**Aim of the exercise**: Below is a listing; retype exactly the line with "Front right bumper" and every line after it through the end, and only those, leaving out the pictures.

**Supplied material**:
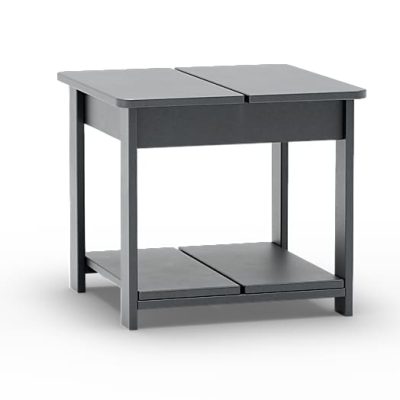 TerraFlame Side Table by Solo Stove - View 1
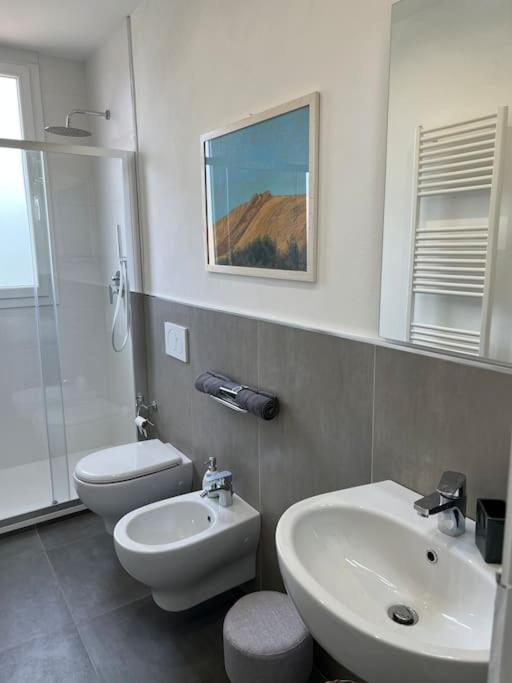 Terrace View Florence Attic Ngoại thất bức ảnh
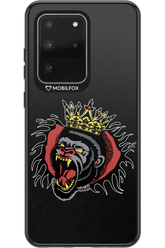 Monkey Rage Black 2.0 - Samsung Galaxy S20 Ultra 5G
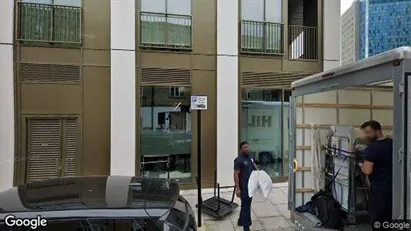 Apartments for rent in London E1 - Photo from Google Street View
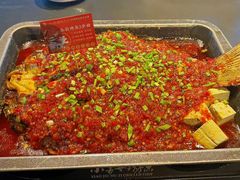 -小舅母子烤鱼(天生城店)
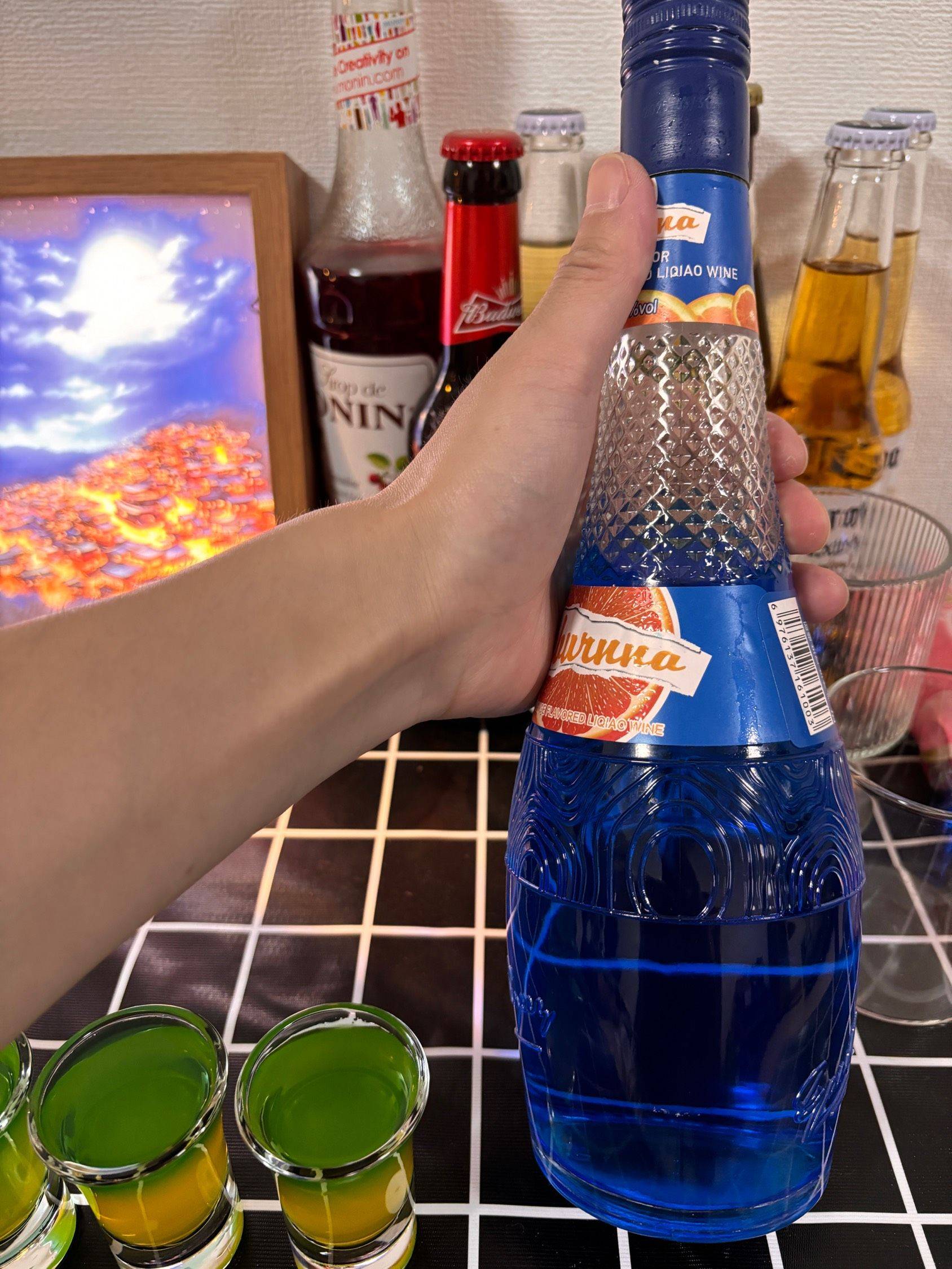 当然要微醺一下啦_1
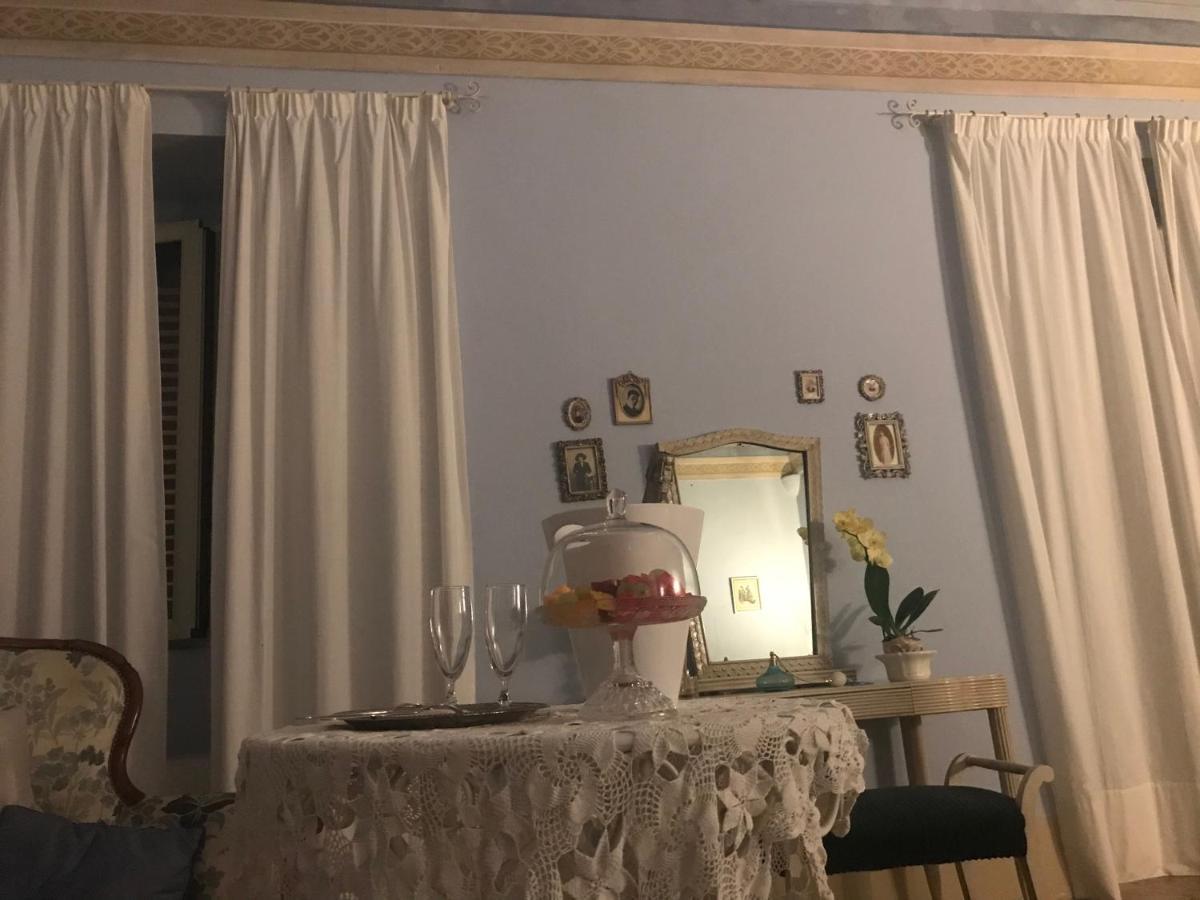 Palazzo De Fabritiis Bed & Breakfast Rosciano  Eksteriør bilde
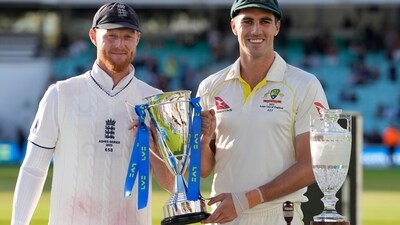 In all 343 men’s Ashes Tests played before this series there had been only 25 matches won by margins of under 50 runs or by three or fewer wickets. (AP) In all 343 men’s Ashes Tests played before this series there had been only 25 matches won by margins of under 50 runs or by three or fewer wickets. (AP)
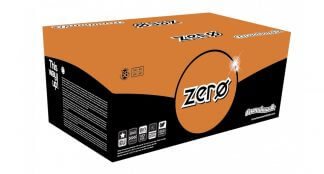 Tomahawk Zero Paintballs (Cal .68 – 2000er Kiste) Sommer Schale – Farbe: orange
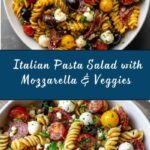 Zesty Italian Pasta Salad Recipe
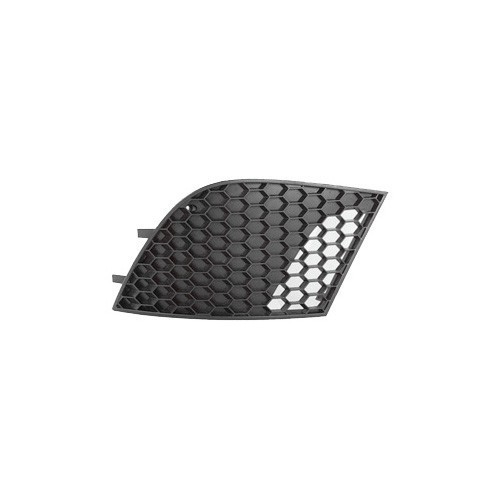  Front right bumper grille for Seat Ibiza (6L) since 2006 - GA20854 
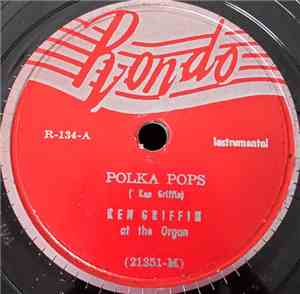 Ken Griffin  - Polka Pops / Casey Jones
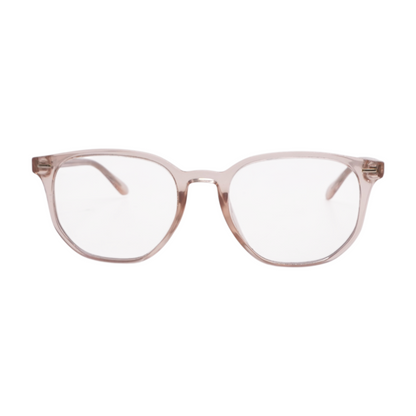 Pink CTRl 1212 Square Prescription Eyewear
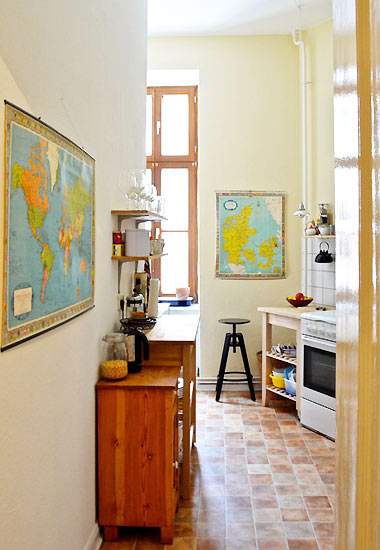 墙面如何自己改造简单 a_77663441.jpg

**Reply to the exercise**:
  Front right bumper grille for Seat Ibiza (6L) since 2006 - GA20854 
 Ken Griffin  - Polka Pops / Casey Jones
 Pink CTRl 1212 Square Prescription Eyewear
 墙面如何自己改造简单 a_77663441.jpg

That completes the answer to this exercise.